**Description of the task:** Keep the text of the data exactly as it is and omit each picture from the copy.

++++ Extracted entries ++++

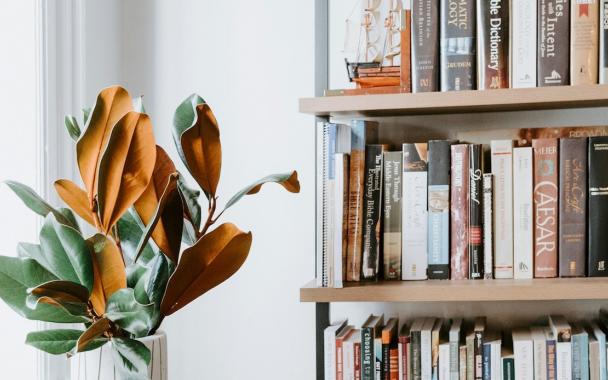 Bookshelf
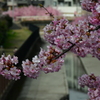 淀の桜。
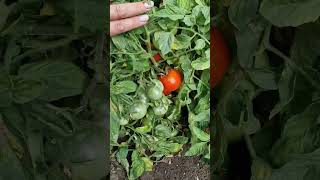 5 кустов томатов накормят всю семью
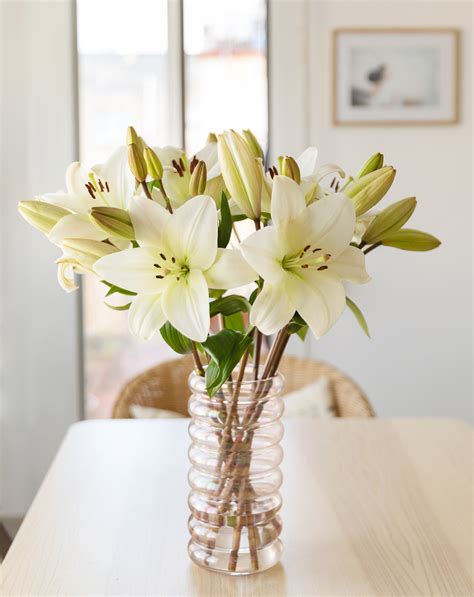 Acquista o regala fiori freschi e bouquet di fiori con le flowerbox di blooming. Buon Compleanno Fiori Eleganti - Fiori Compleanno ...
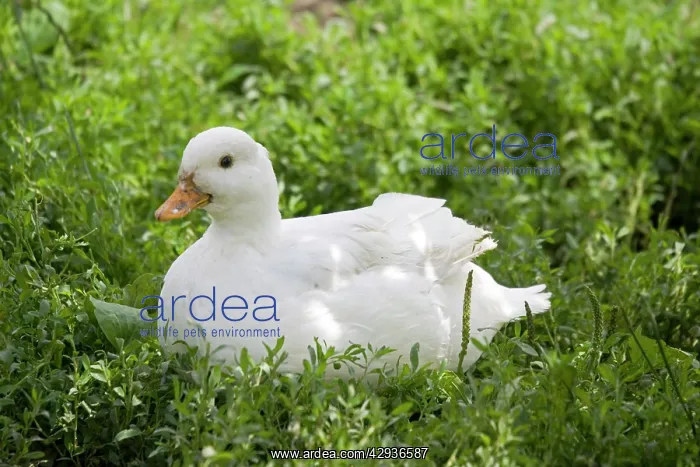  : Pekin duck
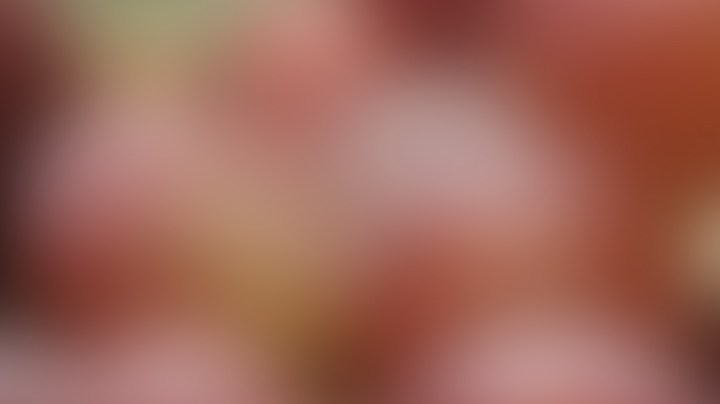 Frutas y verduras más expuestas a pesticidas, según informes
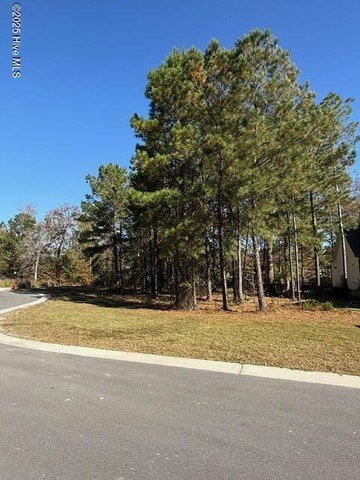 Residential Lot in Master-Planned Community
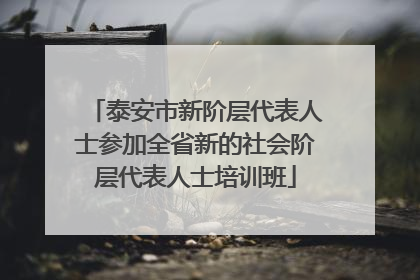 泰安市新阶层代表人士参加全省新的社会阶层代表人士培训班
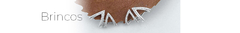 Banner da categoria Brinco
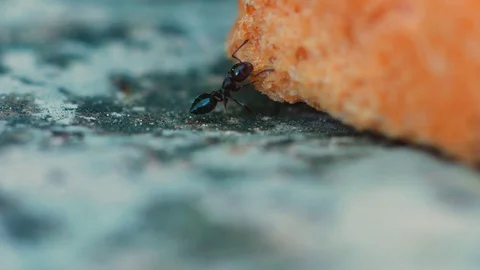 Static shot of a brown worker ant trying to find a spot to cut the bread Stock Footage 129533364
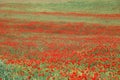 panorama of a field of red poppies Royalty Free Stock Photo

++++

**Solution to the problem:**
 Bookshelf
 淀の桜。
 5 кустов томатов накормят всю семью
 Acquista o regala fiori freschi e bouquet di fiori con le flowerbox di blooming. Buon Compleanno Fiori Eleganti - Fiori Compleanno ...
  : Pekin duck
 Frutas y verduras más expuestas a pesticidas, según informes
 Residential Lot in Master-Planned Community
 泰安市新阶层代表人士参加全省新的社会阶层代表人士培训班
 Banner da categoria Brinco
 Static shot of a brown worker ant trying to find a spot to cut the bread Stock Footage 129533364
 panorama of a field of red poppies Royalty Free Stock Photo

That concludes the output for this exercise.